Why It Works
- Fish sauce adds saltiness and umami depth without any strong fishy flavor.
- Granulated garlic delivers a strong garlic flavor that permeates the wings.
Most of us have our grilling standbys. For some, it's burgers, for others it's ribs. For me, it's chicken wings, and in particular these spicy wings marinated with soy sauce, fish sauce, Shaoxing wine, and spices. Here's how to make them.

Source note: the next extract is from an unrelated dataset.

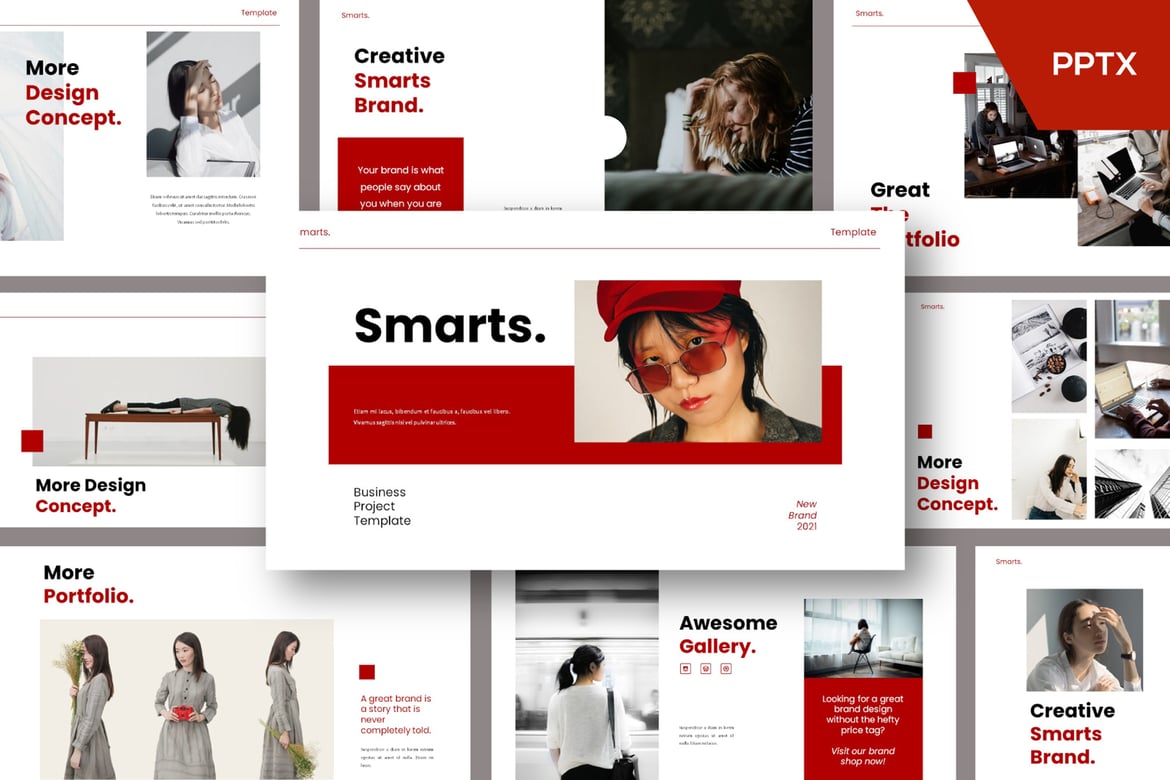 Template PowerPoint Smarts - Presentasi Menarik dan Profesional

- 1 tablespoon Shaoxing wine
- 1 teaspoon freshly ground black pepper
- 2 tablespoons soy sauce
- 2 tablespoons Asian fish sauce
- 2 teaspoons sugar
- 2 teaspoons granulated garlic
- 15 dried red chili peppers, roughly chopped or snipped with scissors into small pieces
- 2 pounds chicken wings
- Fresh cilantro sprigs, for garnish
- Type of fire: two-zone indirect
- Grill heat: medium-high
In a large mixing bowl combine Shaoxing wine, black pepper, soy sauce, fish sauce, sugar, granulated garlic, and chili peppers together, stirring until sugar is dissolved. Add chicken wings, tossing to coat. Cover and let marinate overnight in refrigerator.
Light one chimney full of charcoal. When all the charcoal is lit and covered with gray ash, pour out and arrange coals on one side of the charcoal grate. Set cooking grate in place, cover grill and allow to preheat for 5 minutes. Clean and oil the grilling grate.
Drain wings and pat dry. Grill wings, covered, over indirect heat for 7 minutes. Turn wings and cook, covered, until cooked through and golden brown, about 7 minutes longer.
Transfer wings to direct heat and cook until crispy on both sides, about 1 minute per side.
Serve right away garnished with cilantro.